Peonies are a clump forming herbaceous perennial. Once established Peonies look fantastic, the flowers are showy and eye catching. Peonies need attention and can be quite fussy, and so have attracted the amber wheel barrow indicating medium effort and maintenance. They are not fool-proof, usually they do come up reliably every year but they can be tricky.
Peonies require a sunny site, good humus rich well draining soil on the Alkaline side. That said, my soil is acidic and I can grow Peonies perhaps I am just lucky as they can be temperamental about soil.
When planting a Peony do not plant too deep, the crown should be around 5cms (2") below soil level so quite shallow. If you mulch in the spring take care not to mulch over the crown. If your Peony is struggling you can try a balanced feed in the spring. The pattern of our weather the last few years has often produced a dry spring, in which case water the Peony to encourage the flowering.

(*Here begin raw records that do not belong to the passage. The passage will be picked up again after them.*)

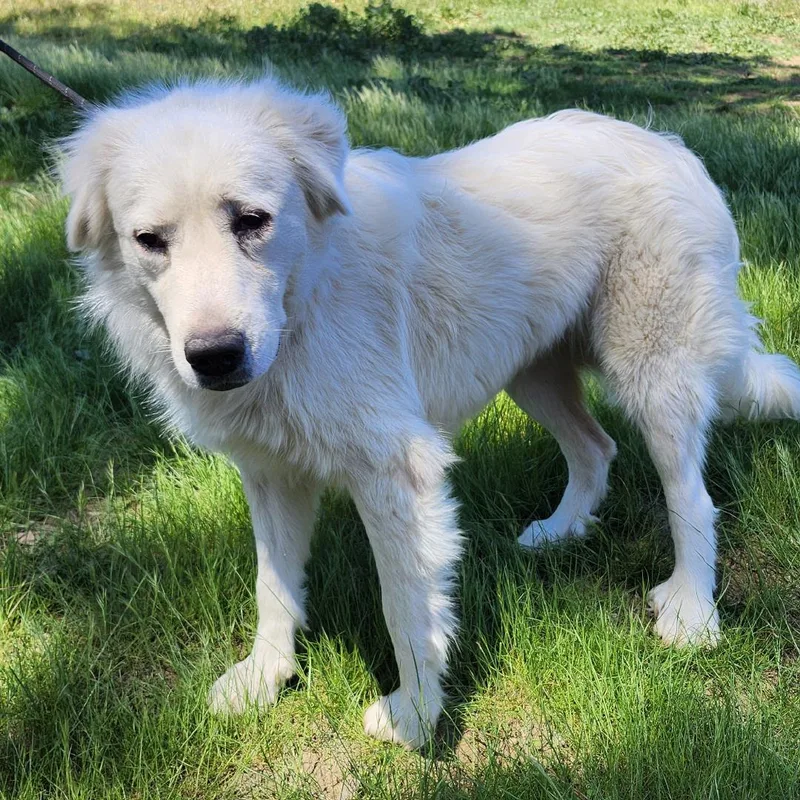 Magnolia thumbnail 5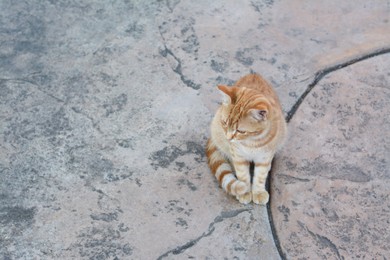 Photo of Lonely stray cat on stone surface outdoors, space for text. Homeless pet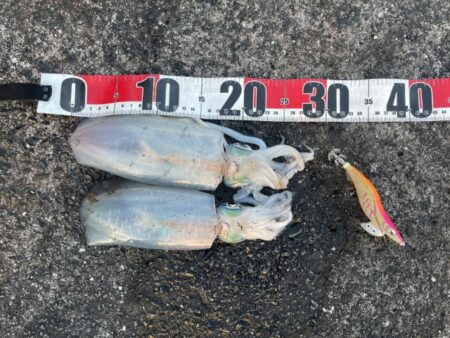 2025 佐渡ヶ島エギング Vol.62【…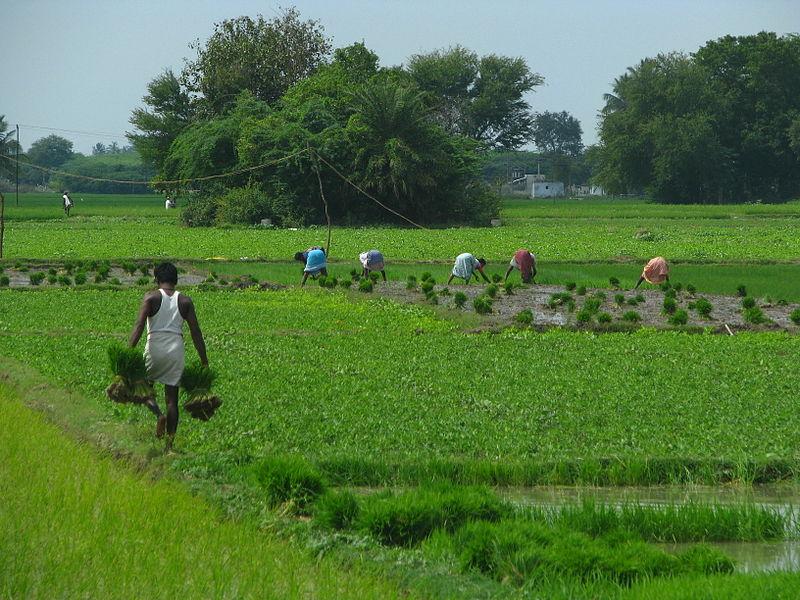 UP: CM Yogi Claims no Farmer Died by Suicide in UP in 6 Years, Farmers Say it’s a Lie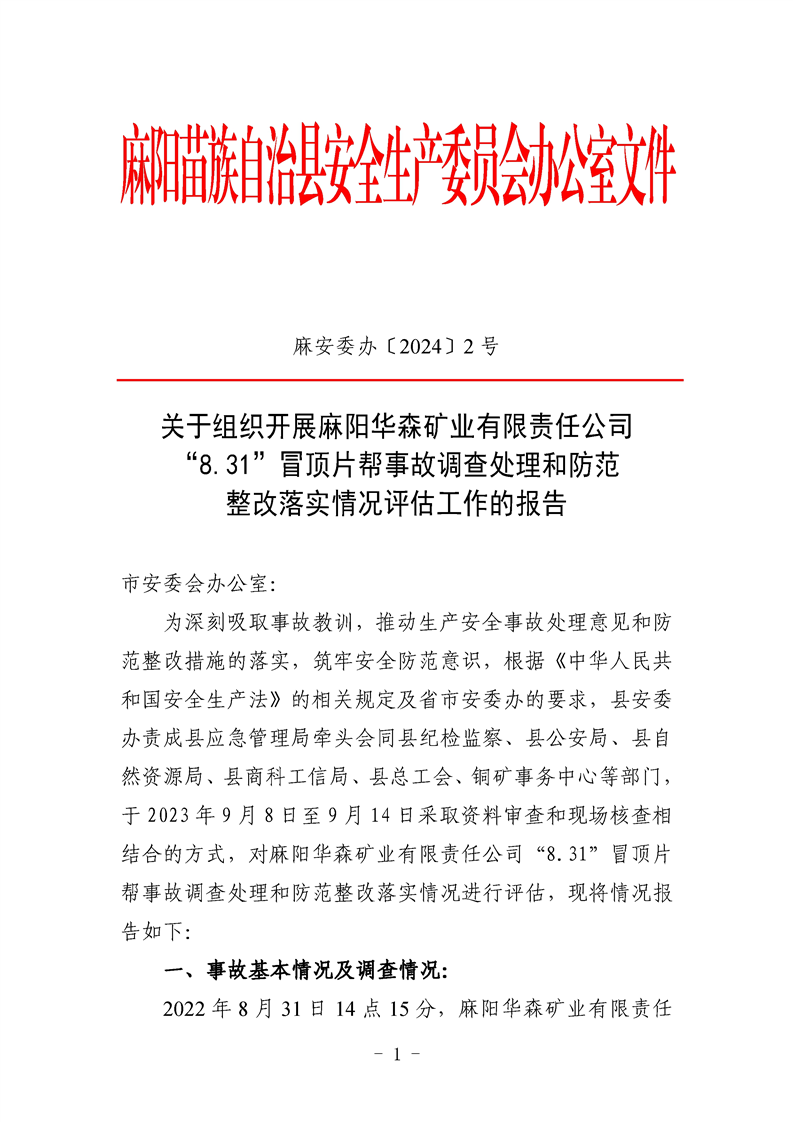 麻陽華森礦業(yè)有限責任公司“8.31”冒頂片幫事故調(diào)查評估報告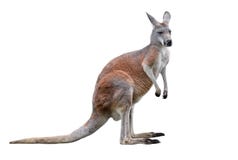 Male Kangaroo Isolated On White Background. Big Kangaroo Full Lengths Royalty Free Stock Photos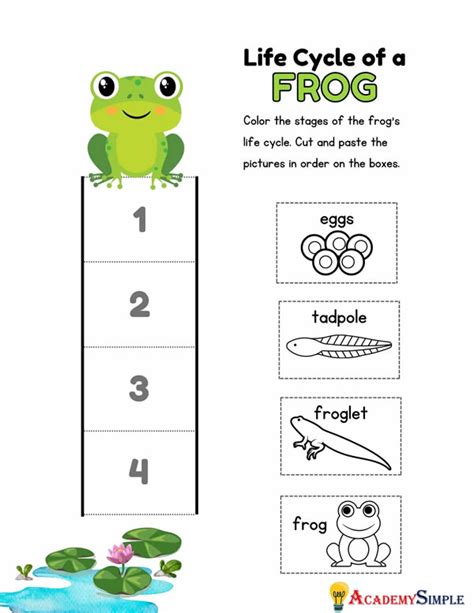 Life Cycle Of A Frog Printable Science Worksheets Science – Theme Route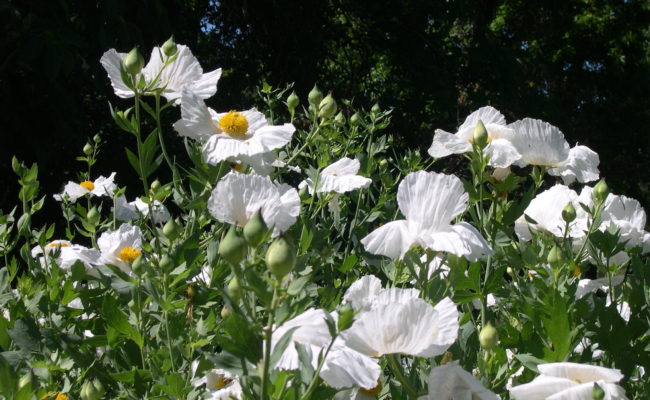 Spectacular stand of Matilija poppies in the MMH Celebration Garden.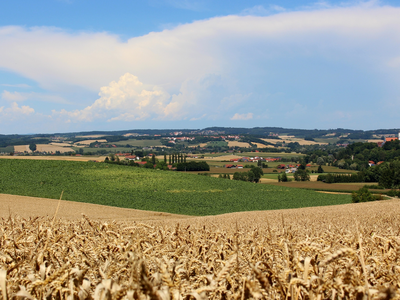 Ausblick von Stapfen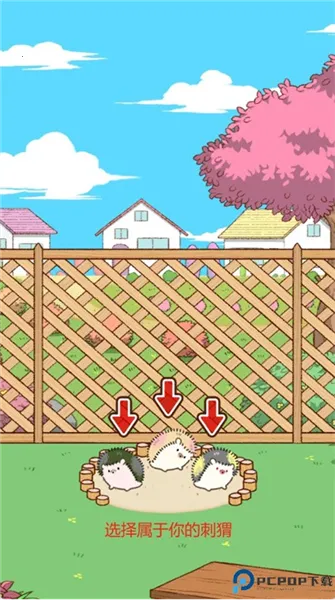 С������2025���°汾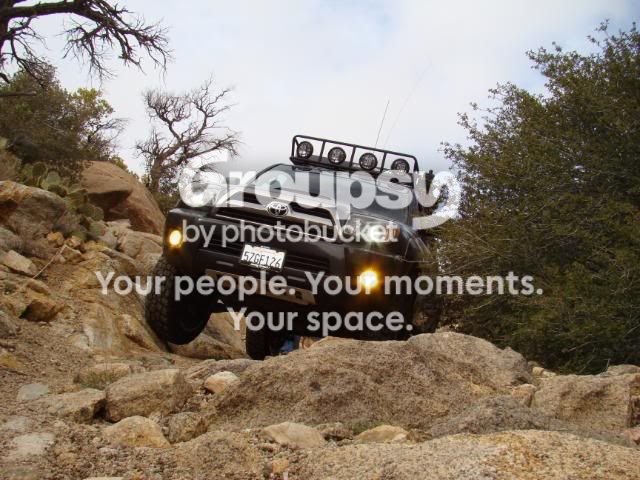 Mojave2-21-2010106.jpg~original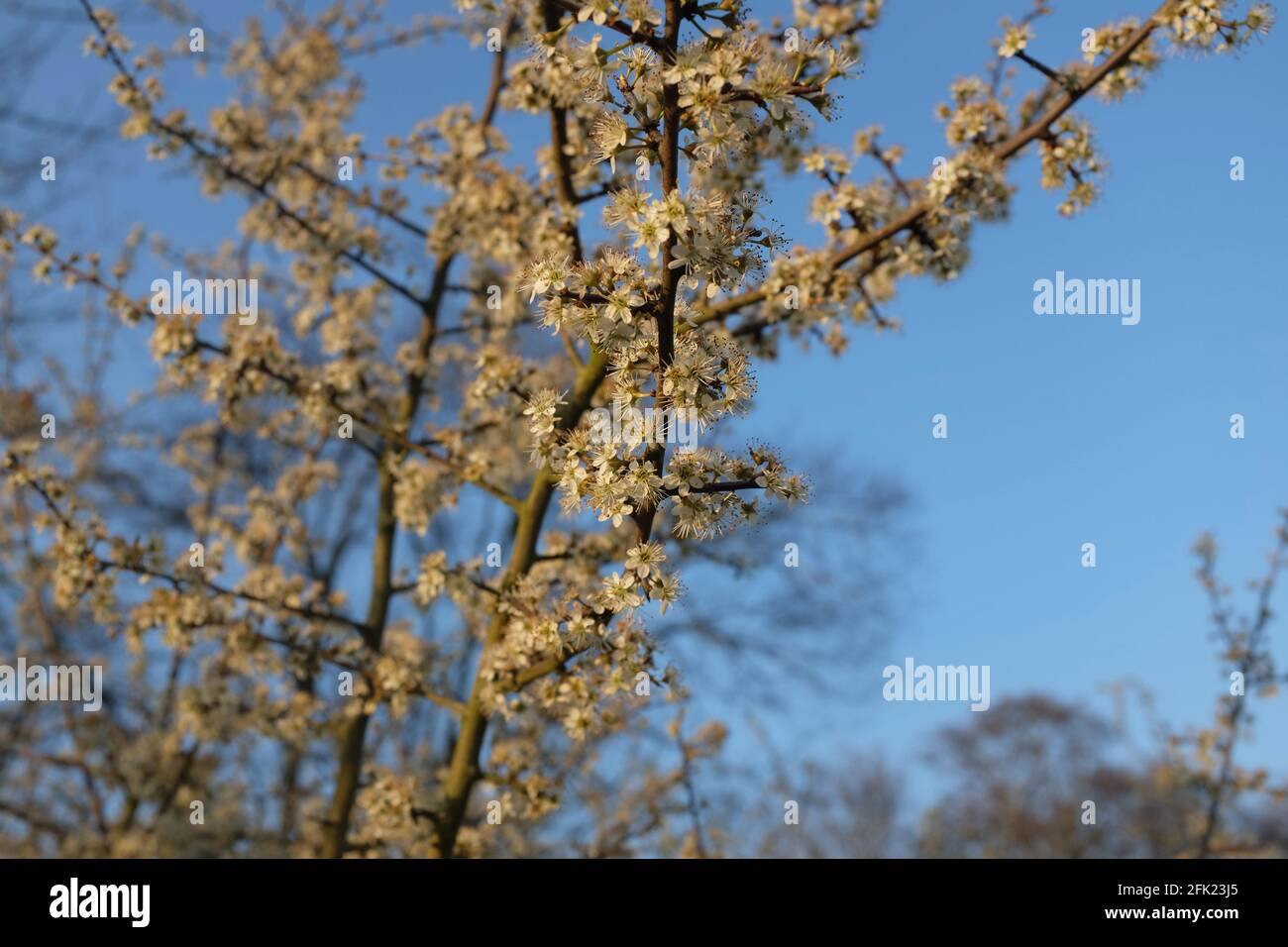 Schlehdornblüte an einem Frühlingsabend, Abbey Meadow Redditch, April 2021 Stockfoto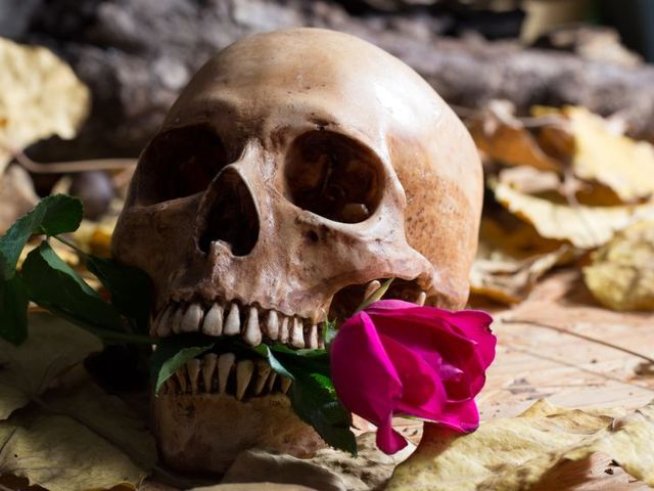 Снимка: iStock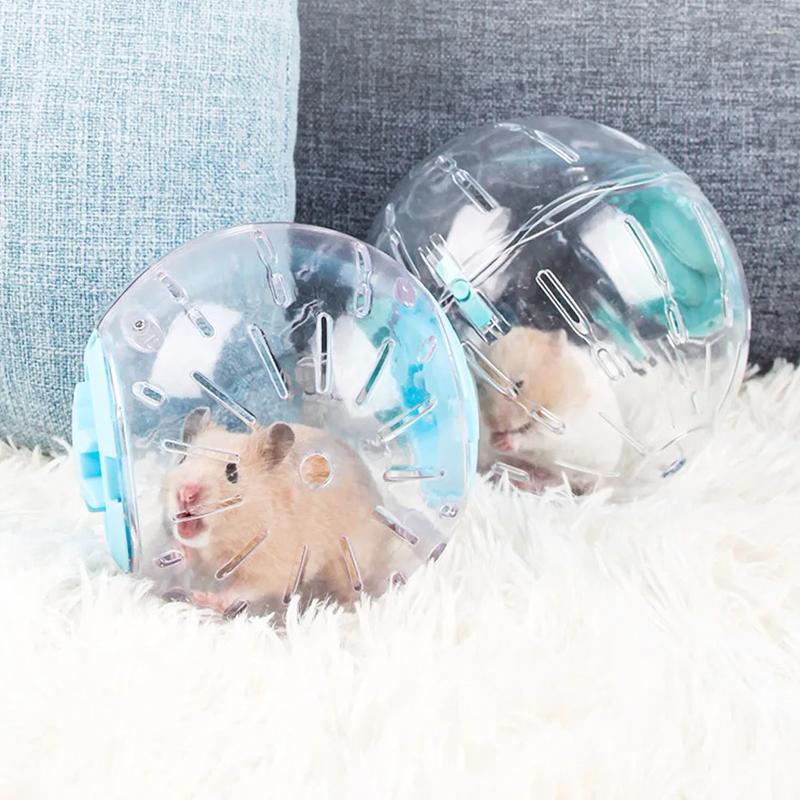 Plastic outdoor sport ball grounder rat small pet mice jogging - TikTok ...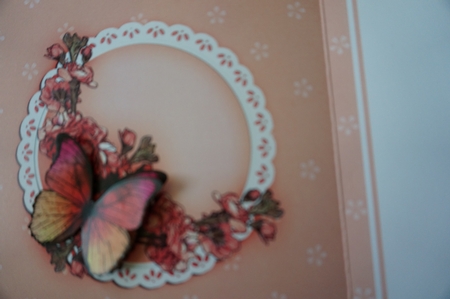 6x6 A Touch of Elegance Flowers and Butterflies matching insert by Joyce Perkins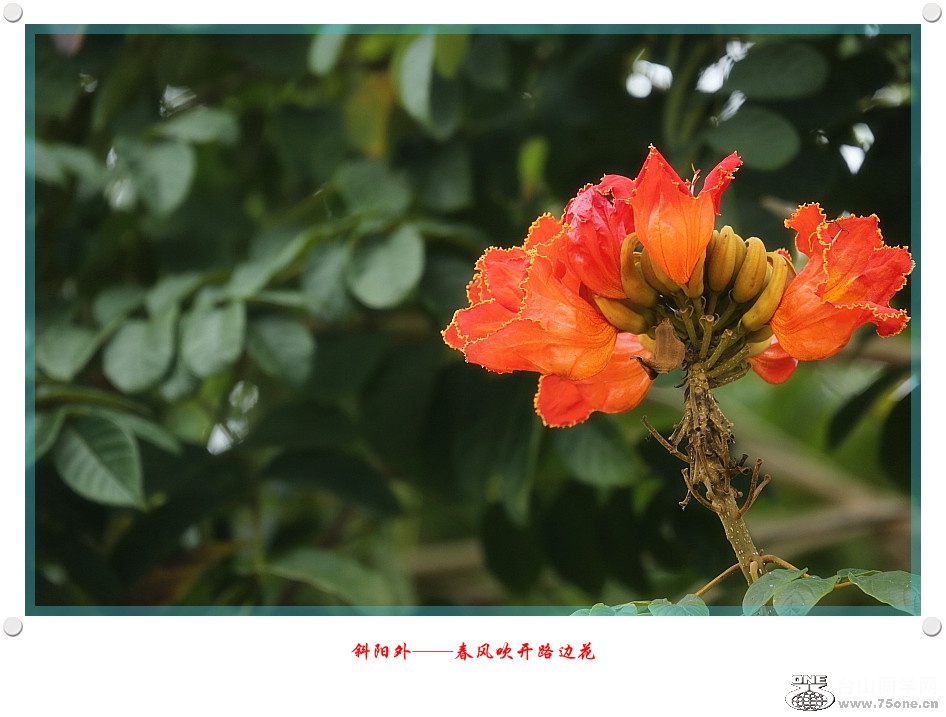 257A91452015.2.25_.jpg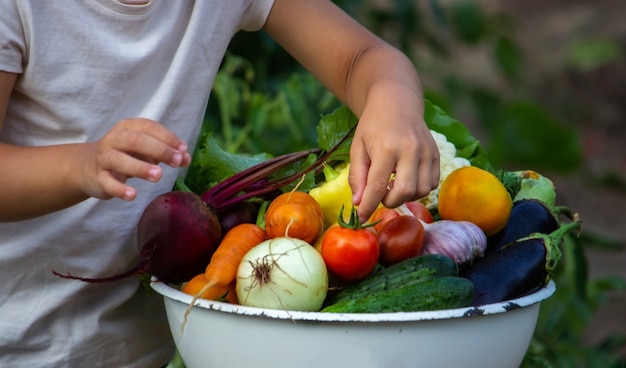 The child holds vegetables in his hands. Vegetables in a bowl on the farm. Organic product from the farm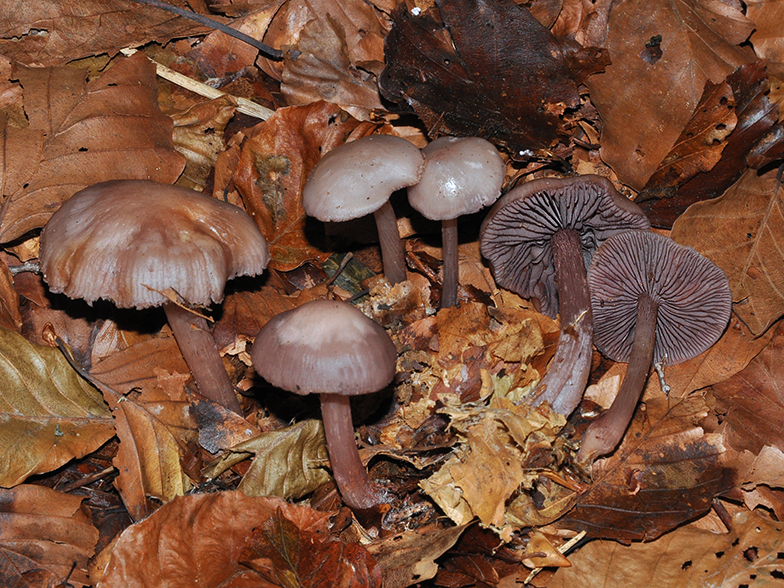 Mycena pelianthina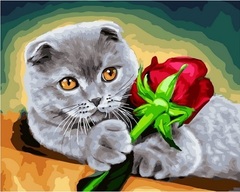 Картина по номерам Кот / котик/ британец / кот с розой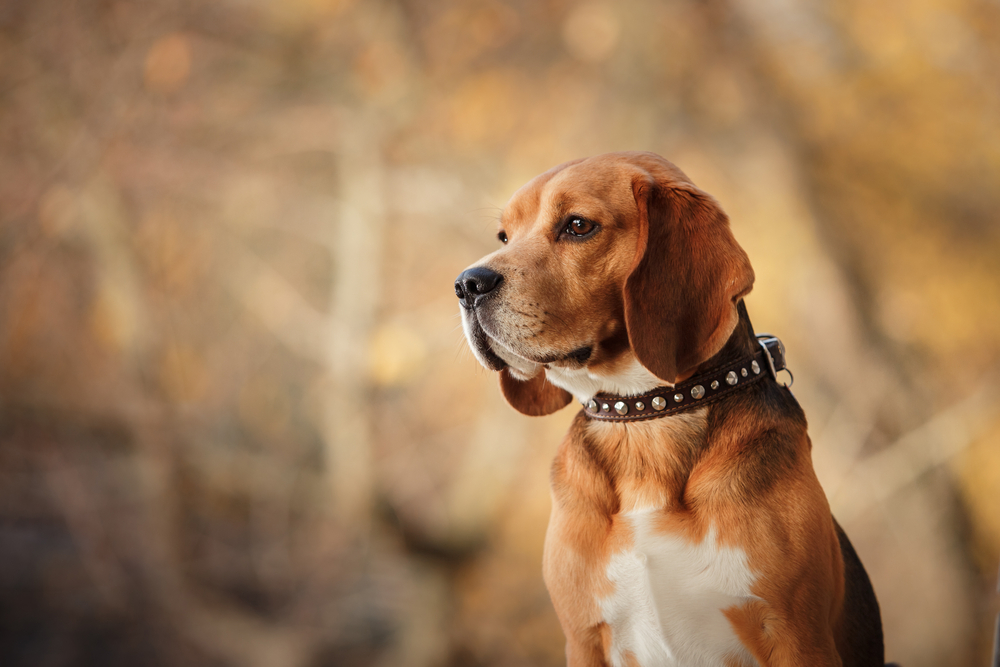 Best Hunting Dog Names Perfect For Your Tough Pup, Good Badass For Male or Female hunting breeds, such as the beagle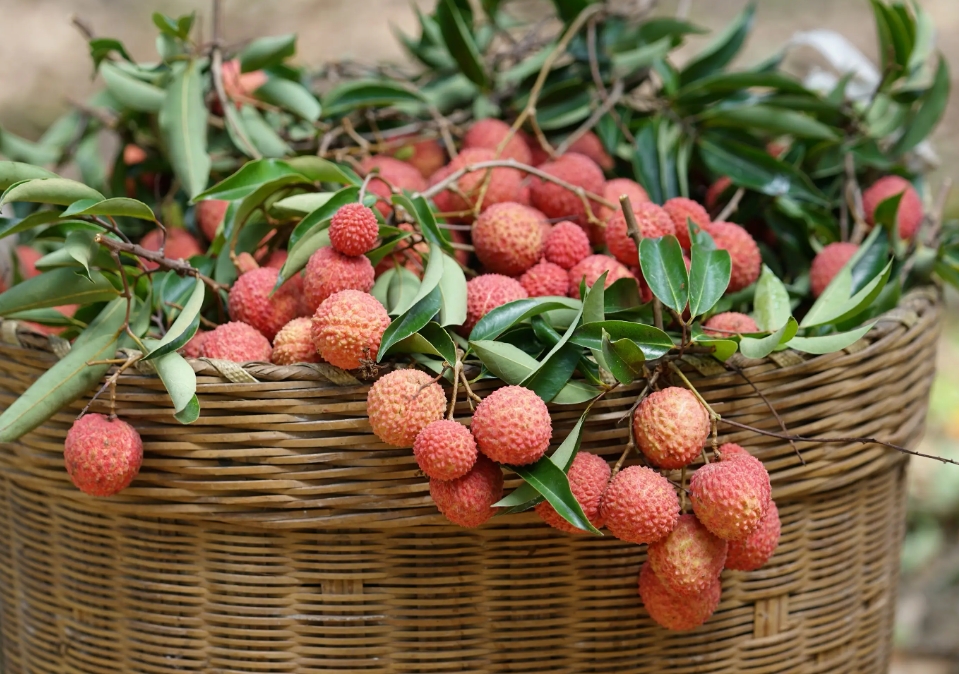 1716002775279762.png 微信(xìn)截圖_20240518110625.png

The main maintenance requirement is to stake the plant every year when the new growth starts in the spring. Also at the end of the season, the foliage can look unsightly and it is best to cut it down. As a herbaceous perennial Peonies die right back to bare earth in the winter; the emerging spring growth is attractive, see image below right.
Peonies are spectacular; they have saucer like large showy flowers commonly red, pink, white with a few yellow varieties. Peonies need staking/support before they get too tall and well before any signs of flower. This is a task I often leave until a bit too late, as a result it is then a nerve racking job of trying to thread leaves and flower stalks into the plant support without breaking anything. Peonies only flower the once so if a flower head is snapped, it will not flower. When growing Peonies it's much better to stake early and let the plant grow into the support. In the image left the support had been put in place a little late as usual, and so had to be eased over the foliage. Ideally it should be supported as the new growth emerges and before too many leaves are formed, image right.